Regeneration (Regeneration, #1)Regeneration by Pat Barker
My rating: 5 of 5 stars

This was a very moving account of the impact of combat in WWI on both the men at the front and those who treated them after the psychologically traumatic events they lived through. It’s based on real people and real events. It is beautifully written, combining some of the real poetry written my soldiers in their time convalescing in a military psychiatric hospital with the author’s own equally well-crafted prose. The novel, which is the first of a trilogy, explores questions about the morality of war, about the ways in which the military and political aims of those safe and in power are played out at great cost by those who actually do the fighting, about the morality of returning psychologically traumatized individuals to relative mental health only to send them back into the trauma. It juxtaposes two very different ways of treating conversion symptoms which translate conflicts about returning to combat into debilitating physical symptoms, and provides excellent examples of psychodynamic psychotherapy complete with analysis of dreams. I used it to teach my personality theories course the day I started reading it, because it was so perfect for illustrating some of what I was teaching about.
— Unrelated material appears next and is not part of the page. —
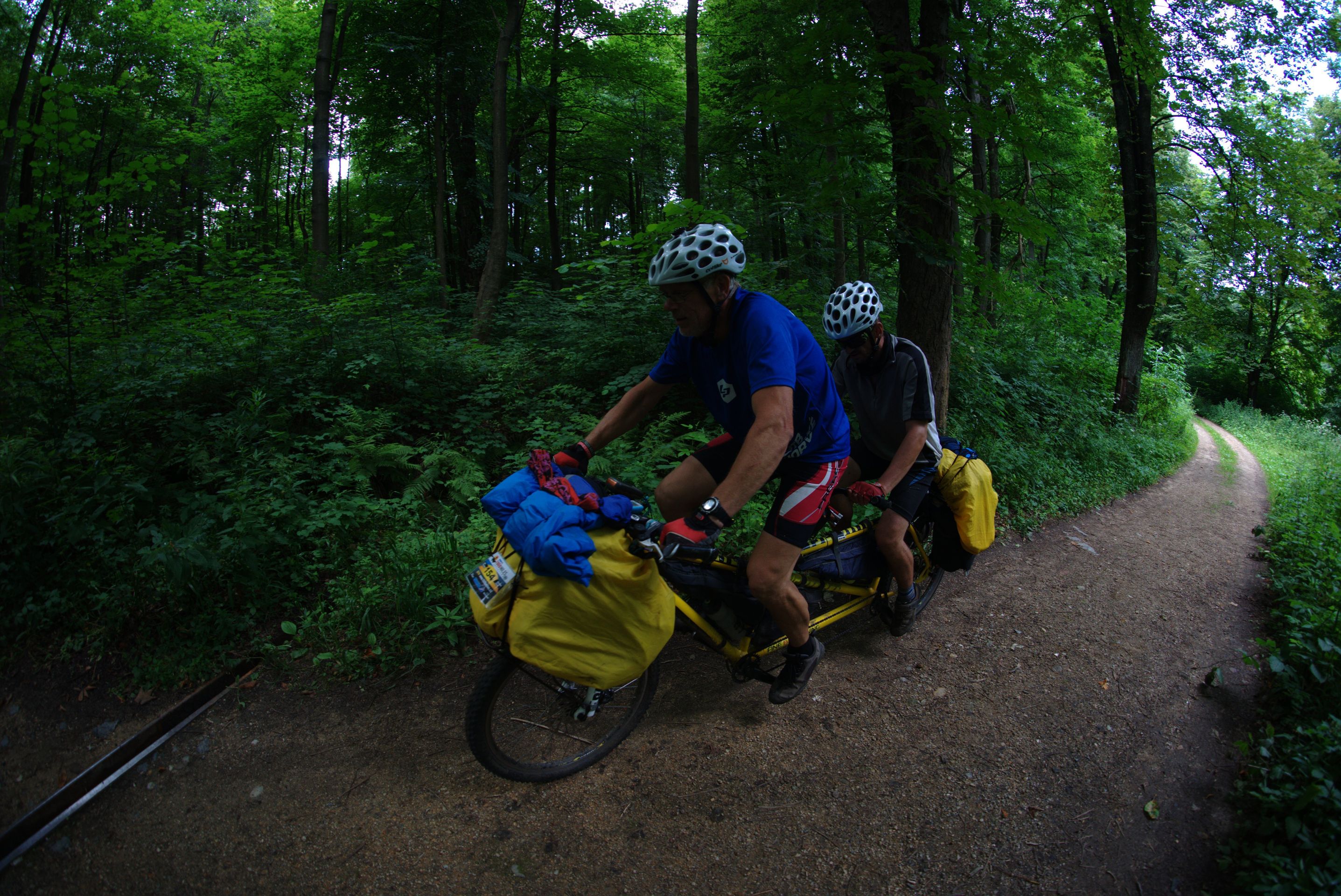 Tandem na závodu 1000 Miles Adventure - 3 - GALERIE: Tandem na závodě 1000 Miles Adventure (1/10)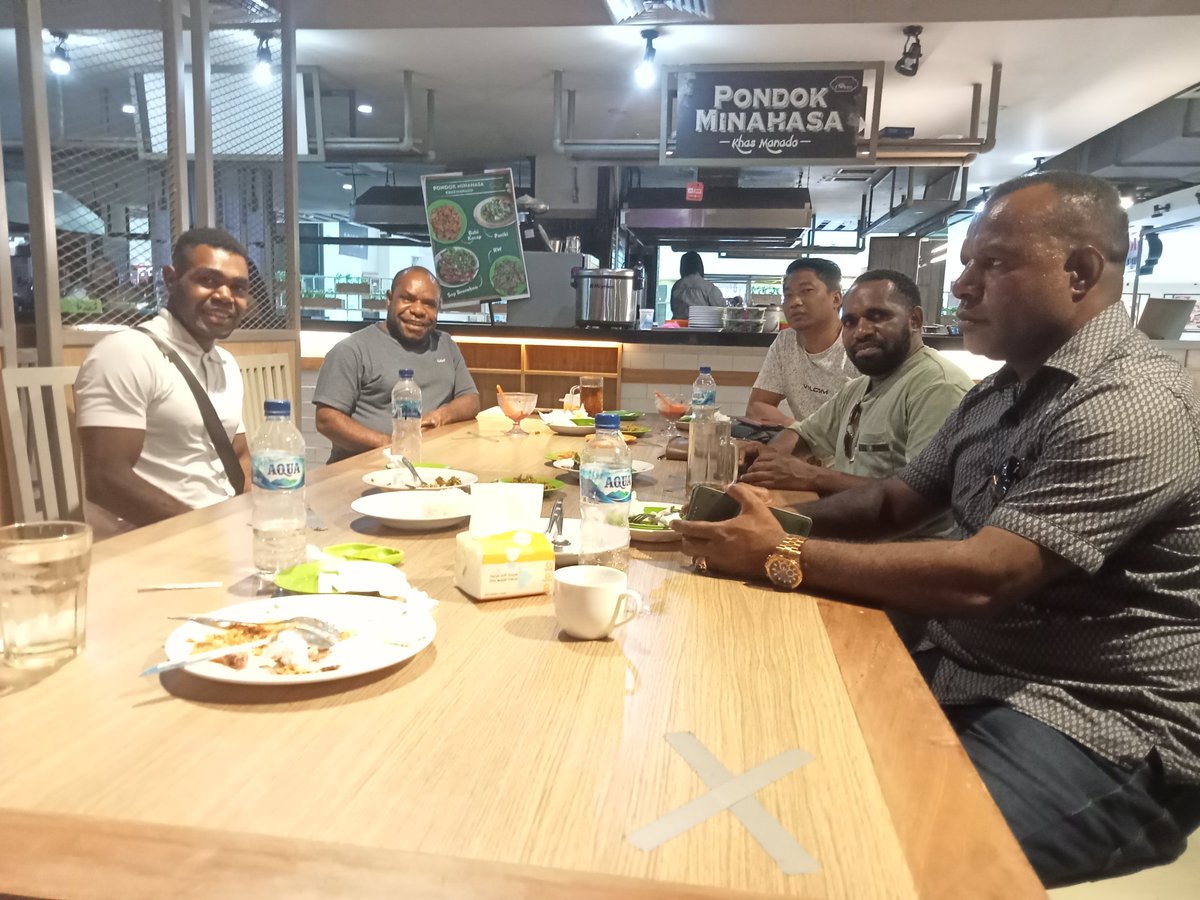 Bersama Wakil Bupati kabupaten Tolikara bersama ketua DPRD &amp; ketua komisi A beserta rombongan.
I am really looking forward to the rest of the series!

View all my reviews

About Beth Parks Aronson

I am Director of the Lamar University Psychology Clinic and run the clinical track of the Applied Psychology Masters Program. Previously, I was a psychologist in private practice in Jenkintown, PA where I specialized in anxiety disorders and working with people living with chronic and life-threatening illnesses. I am a little addicted to good literature. Ok, a lot addicted.
This entry was posted in 1001 Books, Books and tagged , , , , , , , , , , , , , , , . Bookmark the permalink.

3 Responses to Facing War Trauma in Edinburgh

  1. vanbraman says:

    I may have to move this one up on my 1001 to read list. You also remind me that I need to check in on Goodreads. I may need to do a bit of group maintenance in the Pulitzer Group.

  2. I don’t fear historical fiction but I do have a particular dread of war literature. I’ve never been able to talk myself into reading these.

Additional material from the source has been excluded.